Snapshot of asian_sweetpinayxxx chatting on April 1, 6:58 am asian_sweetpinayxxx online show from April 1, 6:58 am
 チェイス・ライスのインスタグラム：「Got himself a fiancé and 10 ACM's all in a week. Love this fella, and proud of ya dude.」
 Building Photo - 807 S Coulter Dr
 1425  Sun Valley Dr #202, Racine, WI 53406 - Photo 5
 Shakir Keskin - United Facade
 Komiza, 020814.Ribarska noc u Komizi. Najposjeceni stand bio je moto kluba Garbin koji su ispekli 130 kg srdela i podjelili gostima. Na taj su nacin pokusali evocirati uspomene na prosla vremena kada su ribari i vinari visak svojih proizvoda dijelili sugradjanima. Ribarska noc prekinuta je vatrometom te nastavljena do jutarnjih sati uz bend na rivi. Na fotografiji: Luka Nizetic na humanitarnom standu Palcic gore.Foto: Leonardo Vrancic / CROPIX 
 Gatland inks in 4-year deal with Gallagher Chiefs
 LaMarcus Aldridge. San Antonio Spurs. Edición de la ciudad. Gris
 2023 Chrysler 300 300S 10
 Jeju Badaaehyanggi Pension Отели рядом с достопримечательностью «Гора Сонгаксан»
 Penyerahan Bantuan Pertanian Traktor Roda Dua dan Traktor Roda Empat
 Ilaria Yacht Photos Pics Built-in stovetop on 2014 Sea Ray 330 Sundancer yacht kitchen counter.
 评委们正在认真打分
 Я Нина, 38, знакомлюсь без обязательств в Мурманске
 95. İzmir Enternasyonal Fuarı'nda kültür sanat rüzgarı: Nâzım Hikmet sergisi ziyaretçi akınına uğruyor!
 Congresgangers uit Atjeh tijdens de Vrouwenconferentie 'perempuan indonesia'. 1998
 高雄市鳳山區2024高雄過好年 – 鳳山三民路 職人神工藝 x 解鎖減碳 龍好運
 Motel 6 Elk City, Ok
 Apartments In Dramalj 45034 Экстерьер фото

### What the exercise asks
Give back exactly the lines from the one containing "Я Нина, 38, знакомлюсь" through the last line of the records.

### The answer
 Я Нина, 38, знакомлюсь без обязательств в Мурманске
 95. İzmir Enternasyonal Fuarı'nda kültür sanat rüzgarı: Nâzım Hikmet sergisi ziyaretçi akınına uğruyor!
 Congresgangers uit Atjeh tijdens de Vrouwenconferentie 'perempuan indonesia'. 1998
 高雄市鳳山區2024高雄過好年 – 鳳山三民路 職人神工藝 x 解鎖減碳 龍好運
 Motel 6 Elk City, Ok
 Apartments In Dramalj 45034 Экстерьер фото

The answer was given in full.